The Literature of our Island may be said to have, of late years, exemplified the truth of reflection of this nature, as it may also be said to have been fruitful in generating Poetical talents, of no inferior order, emerging from plebeian rank and station, and the actual progress which they achieved in polite literature and sciences, when this genial principle of mental emancipation has struggled into birth, surrounded by poverty, and by every other deteriorating circumstance in the shape of coarse and sordid minds in those to whom they would naturally look for example, for patronage, and support.

Generous and emulative spirits, — emulative of that high and heaven-born genius which disdains to be fettered by the dull range of thoughts, which circumscribes the souls of those among whom they were bred, — they have, at length, risen to a standard of excellence which has extorted the suffrage of honourable eulogium, even from the fastidiousness of criticism.

This may, perhaps, be said with justice of Chatterton, of Burns, of Bloomfield, of Drew, of Gifford, of Clare, and of Kirke White.
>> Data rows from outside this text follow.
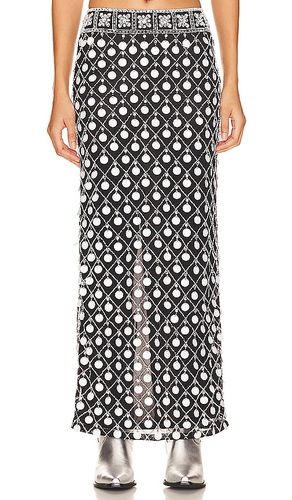 Falda cirie embellished maxi en color negro talla M en - Black. Talla M (también en L, S, XL, XXS) - MAJORELLE - Modalova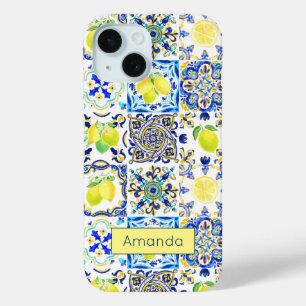 Coque Pour iPhone 15 Été Sicilien Amalfi Méditerranée majolica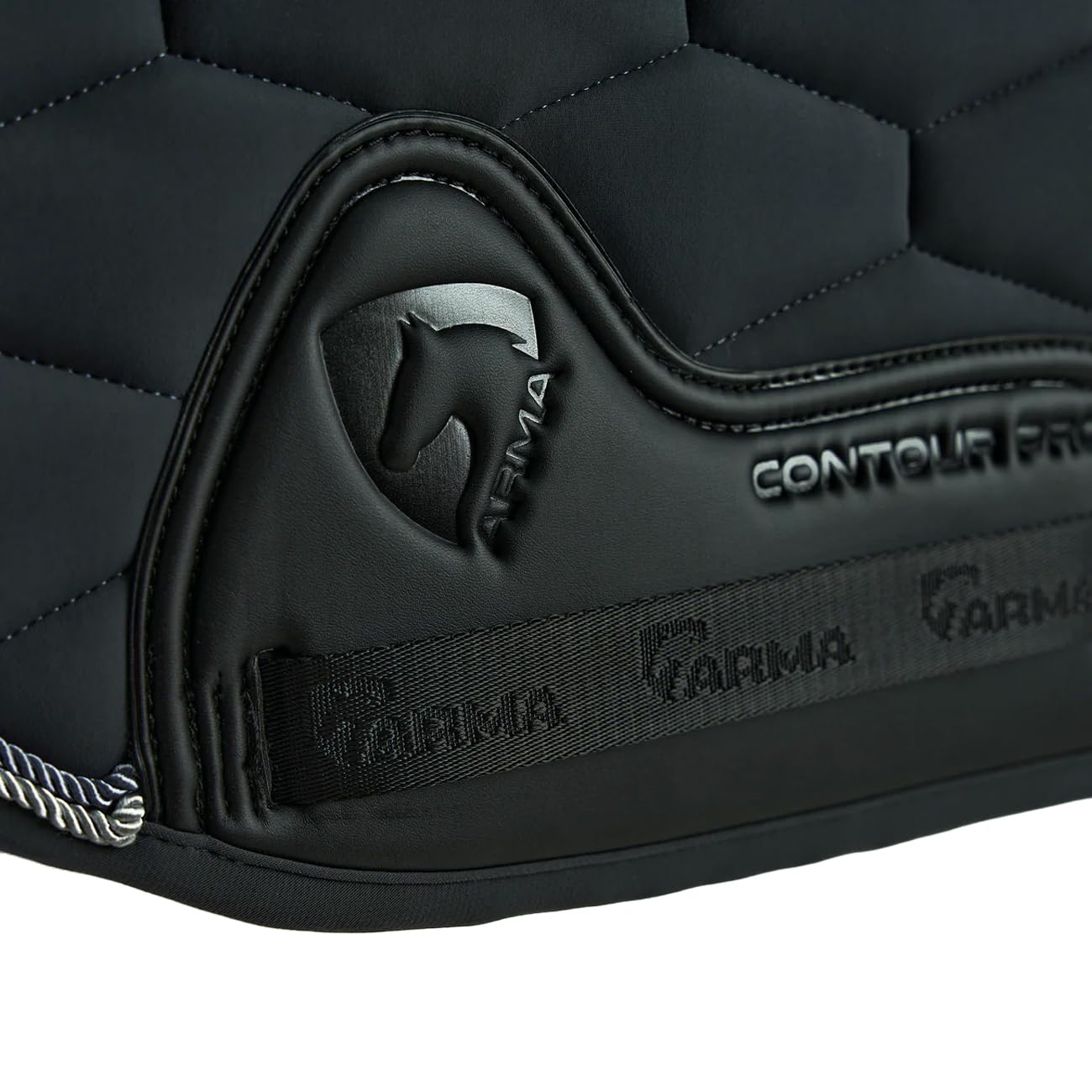 ARMA - Manta para Silla de Montar Caballos Eltar Dressage (15 in - 16,5 in) (Gris)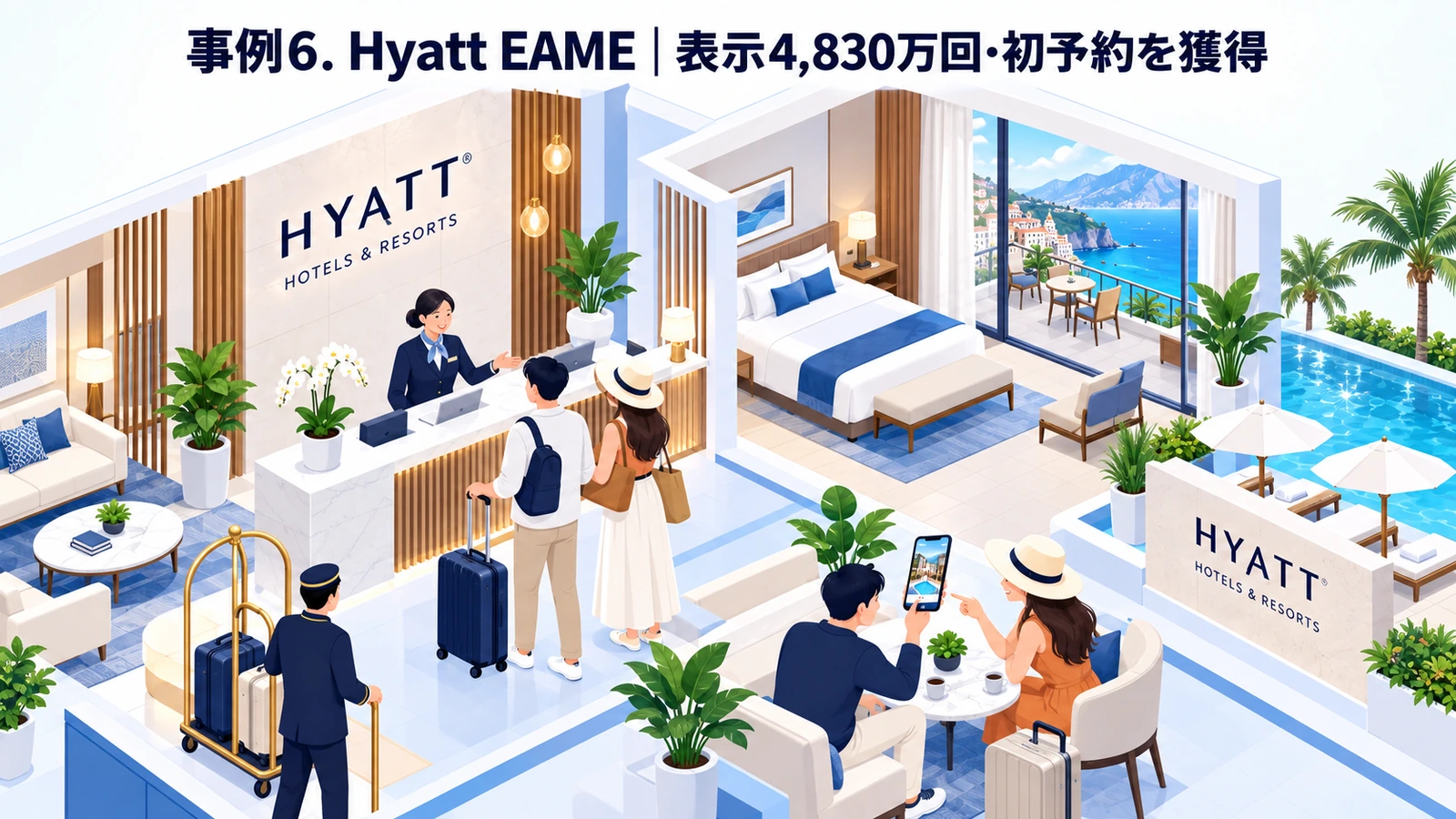 Hyatt EAMEのホテル集客成功事例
The fate of Chatterton, — his advantages in early youth, — the wonderful powers which could, whilst so young and so destitute of every gift, except alone that of Nature, imagine the poems which, it is generally acknowledged his genius had a great share in composing, — together with the standard and merits of his labours, — have long been before the public, and have, perhaps, been sufficiently analyzed to enable criticism, in all after ages, to form a fair and correct judgment.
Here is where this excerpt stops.